## What is expected
The answer must be an exact copy of the lines from the one containing "Article décoratif pour" through the last line of the records, with the pictures left out.

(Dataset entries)
════════════════════

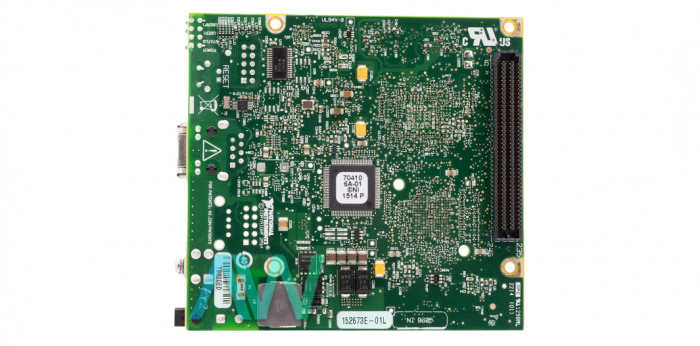 sbRIO-9605 National Instruments CompactRIO Single-Board Controller | Apex Waves | Image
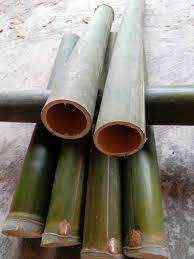 Article décoratif pour meubles Design minimaliste avec un prix choquant grand Tube en bambou avec le prix le moins cher et la qualité supérieure - Product Image 6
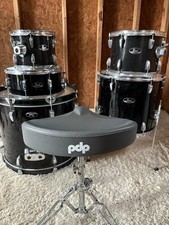 Pearl rs525scc707 piece for sale  Metairie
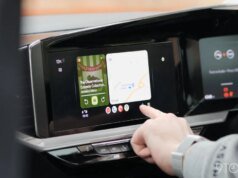Android Auto 錯誤導致 Google 地圖在夜間處於日間模式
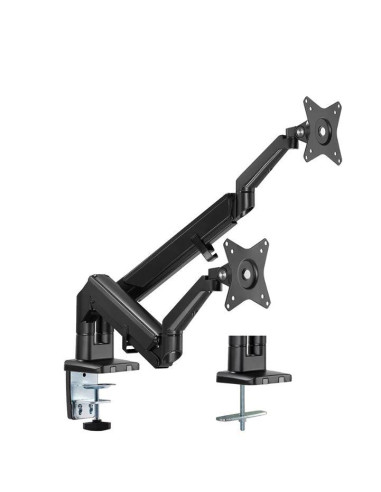 MONITOR ACC DESK MOUNT 17-32"/DS70-810BL2 NEOMOUNTS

════════════════════

## Solution to the exercise
 Article décoratif pour meubles Design minimaliste avec un prix choquant grand Tube en bambou avec le prix le moins cher et la qualité supérieure - Product Image 6
 Pearl rs525scc707 piece for sale  Metairie
Android Auto 錯誤導致 Google 地圖在夜間處於日間模式
 MONITOR ACC DESK MOUNT 17-32"/DS70-810BL2 NEOMOUNTS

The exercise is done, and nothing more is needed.